■ Task goal ■
Return the lines below that contain "Premium".
========
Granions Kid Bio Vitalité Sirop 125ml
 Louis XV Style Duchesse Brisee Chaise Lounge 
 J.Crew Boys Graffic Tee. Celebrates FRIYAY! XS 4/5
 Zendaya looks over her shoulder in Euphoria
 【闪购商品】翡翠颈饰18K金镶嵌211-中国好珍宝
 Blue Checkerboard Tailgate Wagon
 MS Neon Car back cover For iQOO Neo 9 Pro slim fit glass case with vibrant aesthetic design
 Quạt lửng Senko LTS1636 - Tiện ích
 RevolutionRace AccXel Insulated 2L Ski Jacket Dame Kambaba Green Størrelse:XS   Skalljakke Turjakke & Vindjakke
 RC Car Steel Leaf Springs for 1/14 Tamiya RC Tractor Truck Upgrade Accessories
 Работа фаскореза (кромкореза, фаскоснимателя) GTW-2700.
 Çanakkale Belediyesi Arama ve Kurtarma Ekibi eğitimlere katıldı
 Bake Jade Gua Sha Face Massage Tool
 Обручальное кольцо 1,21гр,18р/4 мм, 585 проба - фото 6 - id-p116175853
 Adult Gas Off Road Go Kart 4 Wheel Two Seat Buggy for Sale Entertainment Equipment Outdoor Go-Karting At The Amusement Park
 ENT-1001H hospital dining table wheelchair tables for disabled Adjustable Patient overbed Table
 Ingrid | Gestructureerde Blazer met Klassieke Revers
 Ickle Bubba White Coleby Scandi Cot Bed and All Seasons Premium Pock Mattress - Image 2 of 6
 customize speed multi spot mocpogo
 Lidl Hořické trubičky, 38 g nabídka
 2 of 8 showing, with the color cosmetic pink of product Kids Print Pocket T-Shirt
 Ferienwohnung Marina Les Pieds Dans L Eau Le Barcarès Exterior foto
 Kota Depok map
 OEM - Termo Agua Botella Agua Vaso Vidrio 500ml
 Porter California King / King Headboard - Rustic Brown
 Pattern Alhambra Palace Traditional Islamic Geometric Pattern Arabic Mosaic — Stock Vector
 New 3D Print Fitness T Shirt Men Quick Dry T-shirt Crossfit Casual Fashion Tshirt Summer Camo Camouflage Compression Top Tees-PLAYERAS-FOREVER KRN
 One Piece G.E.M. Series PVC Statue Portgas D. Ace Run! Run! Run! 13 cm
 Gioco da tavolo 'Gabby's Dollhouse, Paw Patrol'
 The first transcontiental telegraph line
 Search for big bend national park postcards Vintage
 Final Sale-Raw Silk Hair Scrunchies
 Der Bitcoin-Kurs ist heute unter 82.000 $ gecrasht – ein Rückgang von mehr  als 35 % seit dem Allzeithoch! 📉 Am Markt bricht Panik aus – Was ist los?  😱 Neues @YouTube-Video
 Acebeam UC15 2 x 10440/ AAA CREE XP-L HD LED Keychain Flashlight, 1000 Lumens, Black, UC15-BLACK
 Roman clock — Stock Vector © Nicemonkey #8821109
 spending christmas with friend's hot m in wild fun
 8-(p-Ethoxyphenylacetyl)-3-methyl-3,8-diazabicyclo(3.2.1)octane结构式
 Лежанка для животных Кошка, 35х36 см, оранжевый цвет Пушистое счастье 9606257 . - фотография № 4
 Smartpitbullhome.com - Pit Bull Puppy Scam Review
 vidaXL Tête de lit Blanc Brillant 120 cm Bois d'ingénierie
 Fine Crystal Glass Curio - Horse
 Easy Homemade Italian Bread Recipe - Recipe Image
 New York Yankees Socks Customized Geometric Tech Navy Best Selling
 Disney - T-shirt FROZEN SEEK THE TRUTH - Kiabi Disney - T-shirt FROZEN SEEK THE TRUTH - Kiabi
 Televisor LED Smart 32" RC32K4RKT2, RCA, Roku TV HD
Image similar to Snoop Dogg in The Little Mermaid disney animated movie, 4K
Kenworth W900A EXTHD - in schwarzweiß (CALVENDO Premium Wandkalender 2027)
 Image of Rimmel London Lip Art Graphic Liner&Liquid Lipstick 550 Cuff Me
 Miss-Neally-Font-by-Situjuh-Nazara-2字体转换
========
■ Result below ■
 Ickle Bubba White Coleby Scandi Cot Bed and All Seasons Premium Pock Mattress - Image 2 of 6
Kenworth W900A EXTHD - in schwarzweiß (CALVENDO Premium Wandkalender 2027)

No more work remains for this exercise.